Regular services now run between Bridgend and Barry and then along existing track into Cardiff.

The final work was completed in the summer to allow 18 miles of the Vale of Glamorgan line to reopen to passenger trains.

Arriva Trains Wales now serve two reopened stations -– Rhoose, for Cardiff International Airport, and Llantwit Major.

The Welsh Assembly supported the £17million project and the line was officially opened by Transport Minister Andrew Davies.

A shuttle bus runs to the terminal, seven minutes away from Rhoose Cardiff International Airport station.

Freight trains continued to travel to Aberthaw power station and Ford’s motor plant near Bridgend after regular passenger services were withdrawn in 1964.

The line was also used for diversions when there was work on the Great Western main line, west of Cardiff.

The reopening work included some new track and extra signalling to increase capacity.
Extra safety measures were implemented at the pedestrian crossings, and at Bridgend a bay platform was reinstated.

“The Ford train operates at night so most of the work was done during the day,” said Network Rail manager Dave White.

At the reopening, Mr Davies said it was “a historic day for transport in Wales.
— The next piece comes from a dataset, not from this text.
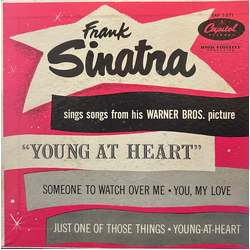 Frank Sinatra Sings Songs From His Warner Bros. Picture "Young At Heart" Vinyl 7" USED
The restoration of passenger services to the Vale of Glamorgan after 40 years represents a major milestone in the delivery of an efficient and integrated transport infrastructure for Wales.”

He added that the airport terminal was on the wrong side of the airport for the railway station.

“To change that would be huge expense but obviously we will be working with the airport to improve services,” he said.

Clive Williams, the director of the Rail Passengers Committee Wales, said he was delighted at the service. “The committee has always been an advocate for integrated transport, and the provision of a bus link between Rhoose station and the airport terminal is a major step towards achieving that integration,” he said.

Graeme Bunker, managing director of Arriva Trains Wales, said the line was great news for the local community and for people travelling to the airport.

Councillor Tom Williams, chair of the South East Wales Transport Alliance (Sewta), said it was “a good start” on improvements which could offer practical alternatives to the car.

To mark the reopening, Railfuture staged its rail reopenings conference in Barry on Saturday 2 July 2005.

The Rail Reopenings Conference was sponsored by Angel Trains, Arriva Trains Wales, First Group and Cardiff International Airport.